Another unique feature of the Hart-Parr engine was the
arrangement of adjusting the piston pin and connecting rod bearings
with a single screw. The bearing caps were hinged at the horizontal
center line of each bearing, so the caps could be adjusted by a
turn-buckle and rod connecting the inside part of each bearing cap.
This feature was used for years in Hart-Parr engines. Later, they
marketed a conventional vertical Style 41 HP oil cooled engine for
$ 180.00 complete with sub-base and oil cooling radiator.
Early in 1902, this company built and marketed one of the first
gasoline engine tractors in the United States. The machine was
powered with a two cylinder engine developing 22-45 HP. This
tractor (and the word tractor was coined by Hart-Parr Company) sold
to an Iowa farmer, operated for seventeen years, which reflected
the fundamental dependability of Hart-Parr design.
In 1903, the company built fifteen tractors which started the
organization into a successful career. Today, through the
consolidation of Hart-Parr, Nichols and Shepard Threshers, Oliver
Plow Company and American Seeding Machine Company, the organization
is known a the Oliver Corporation, a subsidiary of the White Motor
At Froelich, Iowa, a man by the name (as the town was named for
his father) John Froelich, had worked around steam traction engines
and had learned the shortcomings of the heavy, hard to handle smoke
belchers. He was mechanically inclined and figured there surely was
a way to overcome some of the fire hazards and bulkiness of the
steam outfits. In 1894, he went to work on building a tractor using
a Van Duzen gasoline engine and a Robinson running gear. It
consisted of steel rear wheels of the traction type with lugs and a
single cylinder vertical engine. With his helper, William Mann,
they designed and built the gears and transmission that would
propel this outfit forward and backward.
When it was ready to run, they took it to a testing ground where
there was plenty of grain to be threshed and where it took the
place of a steam traction engine. It did a good job! This original
outfit, traveling on its own power worked all the way from Iowa to
South Dakota that year and threshed over 70,000 bushels of
From this beginning, John Froelich organized a gasoline engine
manufacturing company known as the Waterloo Gasoline Traction
Engine Company at Waterloo, Iowa. In 1895 this company was
incorporated and built the Waterloo engines. Mr. Froelich’s
interests were in the tractor, so he left the company and moved
later to St. Paul. There was a big demand for Waterloo engines and
a larger factory was built to meet the demand.

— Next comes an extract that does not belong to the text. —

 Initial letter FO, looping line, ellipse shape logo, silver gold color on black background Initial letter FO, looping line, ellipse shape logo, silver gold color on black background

At the same time,
the company continued to experiment in tractor design and in 1914,
the first Waterloo Boy Tractor, Model ‘R’ was introduced.

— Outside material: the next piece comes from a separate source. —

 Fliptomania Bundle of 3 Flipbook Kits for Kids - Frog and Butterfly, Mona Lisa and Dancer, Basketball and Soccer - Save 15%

This was a two cylinder, kerosene burning horizontal engine with
cylinder heads back toward the steering wheel and driver. This
machine was built up until 1923 and was the forerunner of the John
Deere Model ‘D’ tractor, which put this company in the
field of the ‘New Generation of Power’after the Model
‘D’ came the Row-crop tractor Model ‘A’ in 1939 and
then in 1952 Model ’60’ and in 1958 Model ‘730’and
at the present decade the Model ‘4010’.
In the middle West during this same period, the Fuller &
Johnson Company of Wisconsin was in the manufacture of farm type
gasoline engines, and a worthy competitor of the other engine
companies of that time. The story of this company has well been
described by Vera Kindschi for the readers of GEM, so I will not
comment further on this manufacturer.